Only the lines from the line containing "Allegra Select Halo" to the end of the material belong in the copy; set them down exactly, without pictures.

**Data extract**:
***

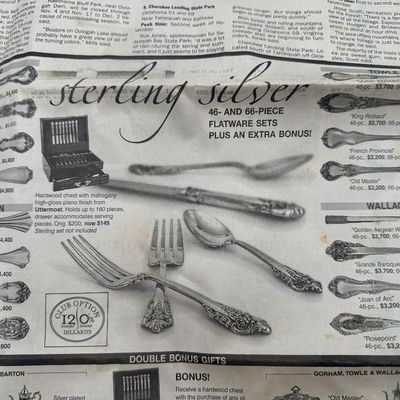 Wallace Rose Point Sterling Silver Flatware Service with Serving Pieces & Chest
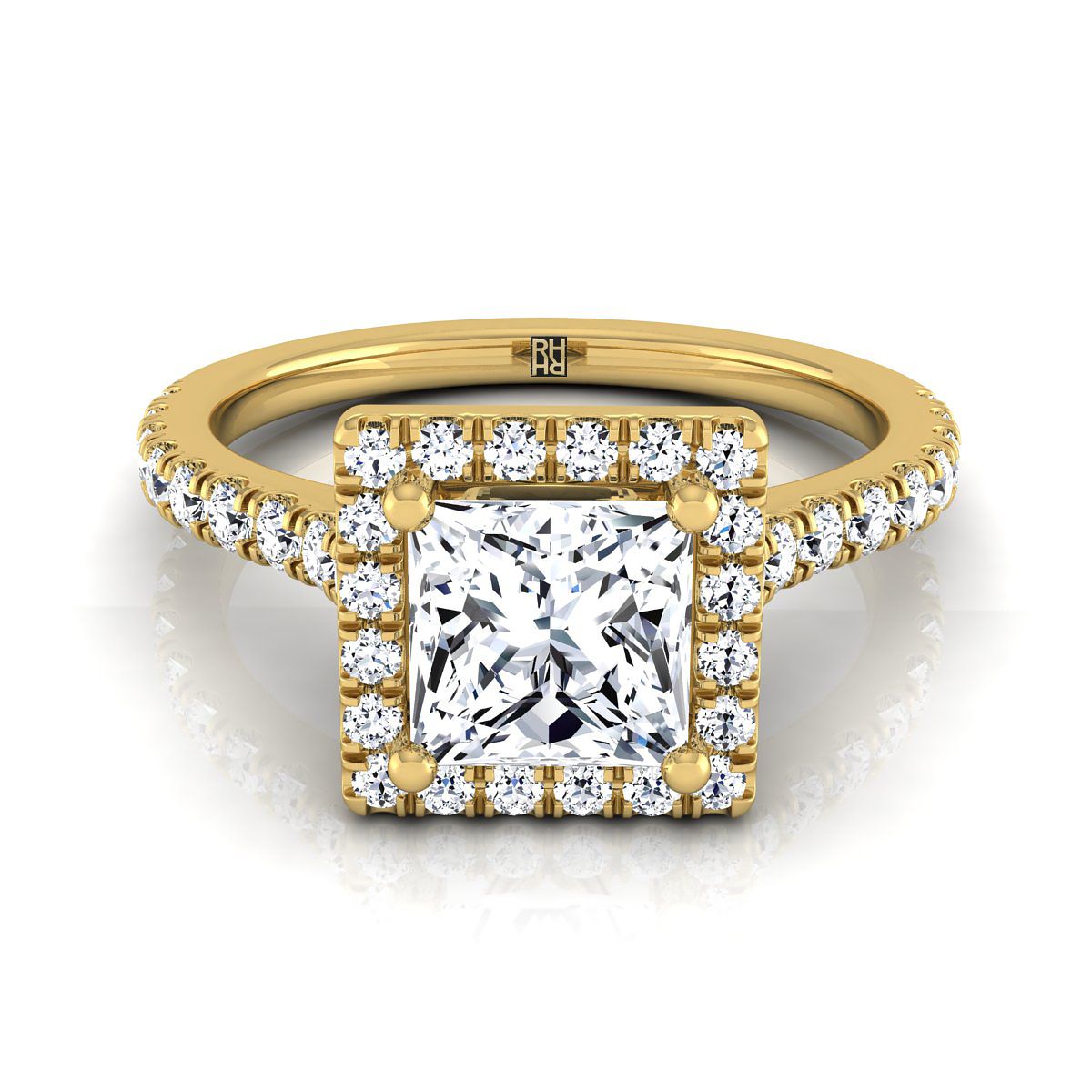 Allegra Select Halo Princess Cut Lab Diamond Engagement Ring in 18K Yellow Gold | RockHer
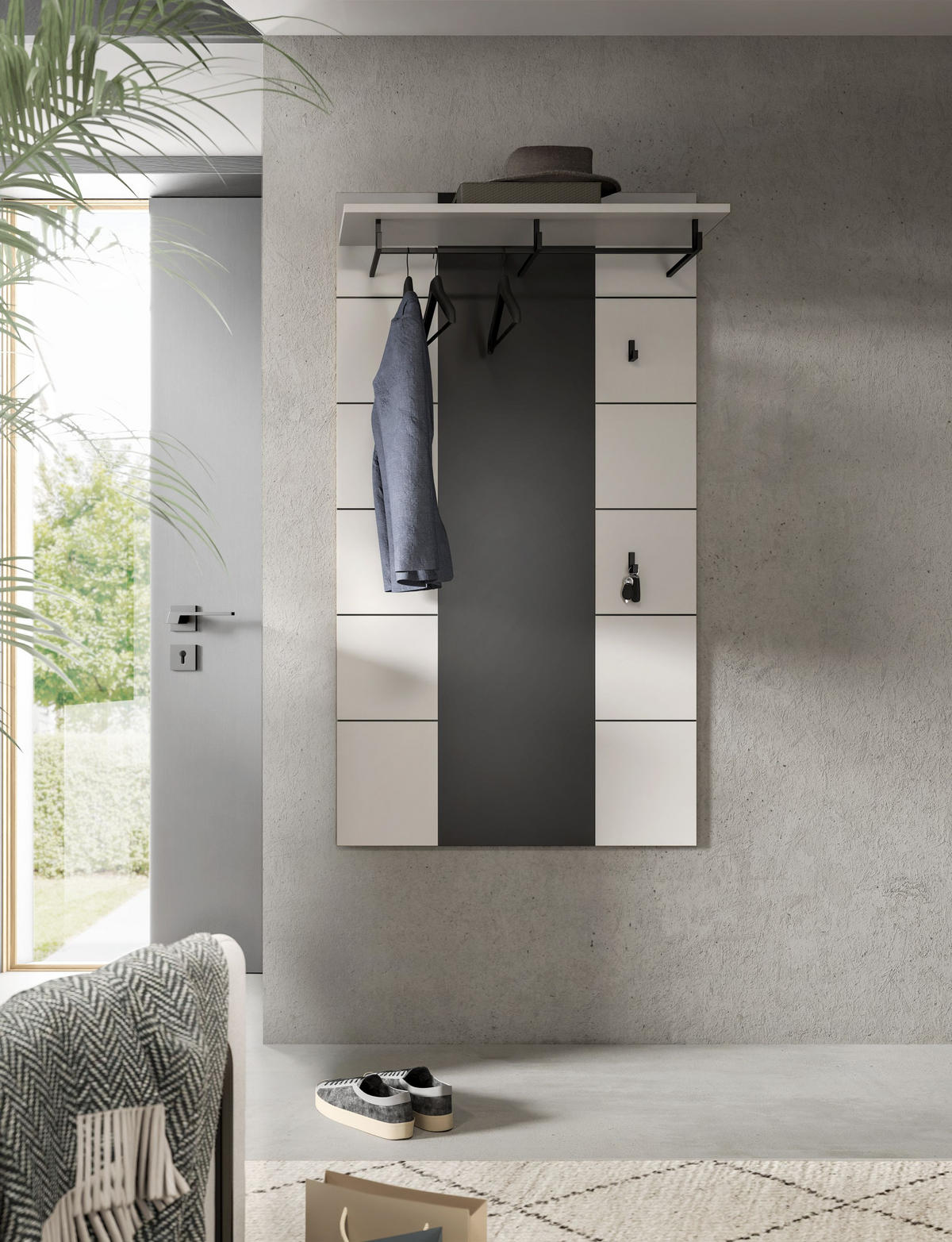 PANEEL CANU (B/H/T: ca. 80/145/29 cm) in Basalt grau/weiß - Grau, Holzwerkstoff (80/145/29cm)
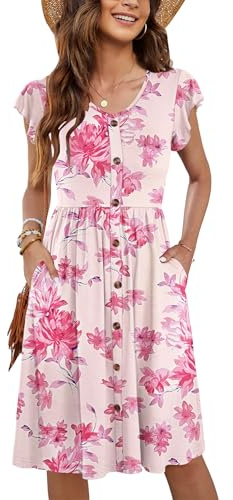 MOLERANI Femmes Robe D'été sans Manches V Cou Décontracté Swing Taille élastique avec Poche Robe De Midi pour Les Femmes Fleur Rose L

***

**Written response**:
 Allegra Select Halo Princess Cut Lab Diamond Engagement Ring in 18K Yellow Gold | RockHer
 PANEEL CANU (B/H/T: ca. 80/145/29 cm) in Basalt grau/weiß - Grau, Holzwerkstoff (80/145/29cm)
 MOLERANI Femmes Robe D'été sans Manches V Cou Décontracté Swing Taille élastique avec Poche Robe De Midi pour Les Femmes Fleur Rose L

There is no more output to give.